Though widely dismissed two decades ago as shallow, commercial multiplex fodder, Hughes' films are now viewed as coming-of-age classics by Gen Xers who grew up relating to the Reagan-era teen misfits in "Sixteen Candles," "The Breakfast Club," "Pretty in Pink" and "Some Kind of Wonderful."
Hughes' adolescent angst oeuvre is the subject of a fascinating new book, "Don't You Forget About Me: Contemporary Writers on the Films of John Hughes," edited by Jaime Clarke and with a forward by Ally Sheedy, who starred as the neurotic Allison in 1985's "The Breakfast Club" (here's a clip of the film's trailer).
For the most part, the essays are subjective, as the writers recall how as teenagers they related to certain characters in Hughes' films. Molly Ringwald as Samantha in "Sixteen Candles" (1984) or as Andie in "Pretty in Pink" (1986) are the most common, along with Matthew Broderick in the title role of "Ferris Bueller's Day Off" (1986). (Here's a clip of Ben Stein calling roll as Bueller's teacher.)
The self-revelatory first-person approach to the films has its drawbacks, but the book does convey the power of movies to shape teenagers' self-perception, as the writers explain how these films taught them to navigate through the social storms of high school life.
Perhaps the most interesting account is from Moon Unit Zappa. Daughter of the late rock guitar genius Frank Zappa, she gained fame as a slang-talking teenager on her father's hit single "Valley Girl."
Moon describes how, growing up in a hippie/alternative environment in Malibu, she pined for the blandly "normal" existence of Hughes' middle-class teens (most of his films were set in the prosperous northside Chicago suburbs where Hughes himself came of age).
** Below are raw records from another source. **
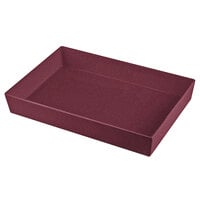 Tablecraft CW5000MRS Simple Solutions Full Size Maroon Speckle Cast Aluminum Straight Sided Bowl - 3" Deep
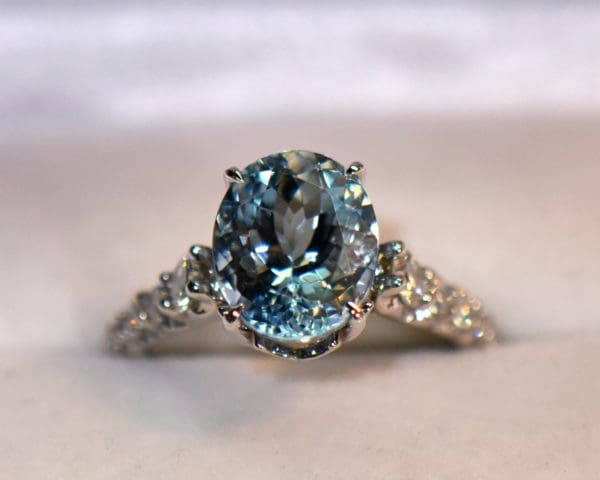 deep blue oval aquamarine and diamond engagement ring 2.JPG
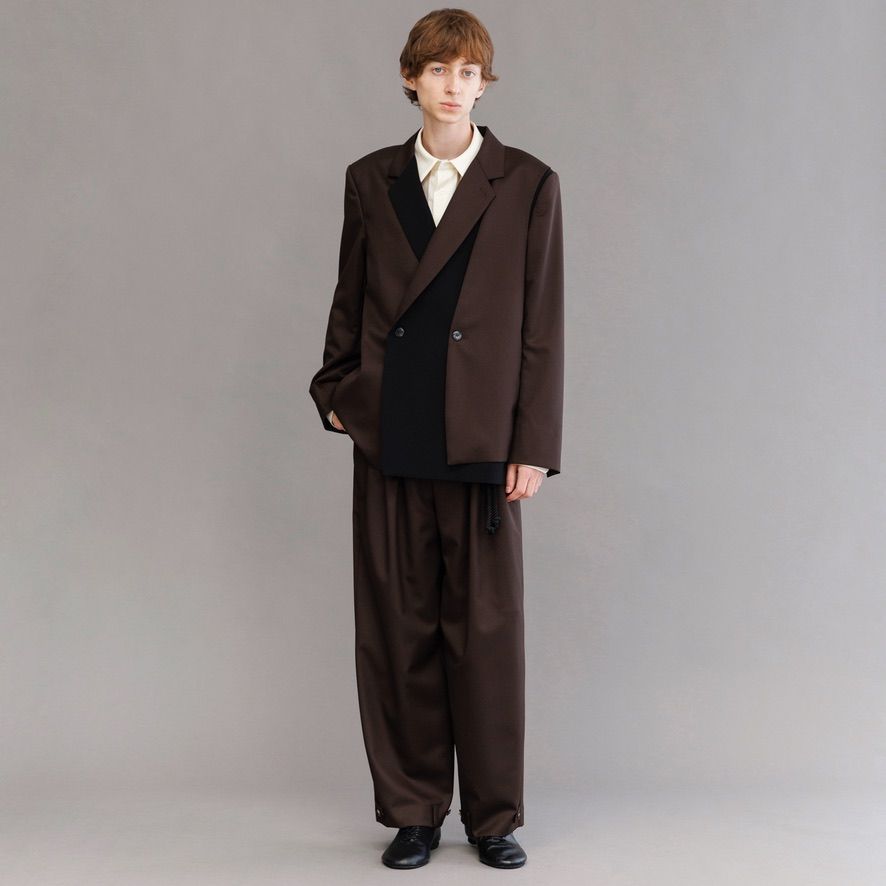 【残り一点】Bicolor Squeeze Slacks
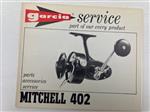 Garcia service boekje van Mitchell 402 molen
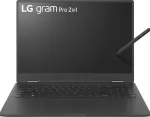 S&uuml;learvuti LG gram Pro 16 2in1 Puutetundlik Core Ultra 7 255H 16GB/1TB SSD Windows 11 16T90TP-K.AA78G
For years, even as she socialized with some of the most famous young stars of the '80s -- Molly Ringwald dated Moon's brother Dweezil Zappa -- Moon harbored an unrequited crush on Michael Schoeffling, who played hunky Jake in "Sixteen Candles."
More than anything else, this new book reminds us why Hughes' teen films remain enduringly popular, even now that those '80s hairstyles, fashions and pop songs are so hopelessly outdated. Hughes demonstrated an ability to create human-scale sagas filled with characters we recognize -- including ourselves.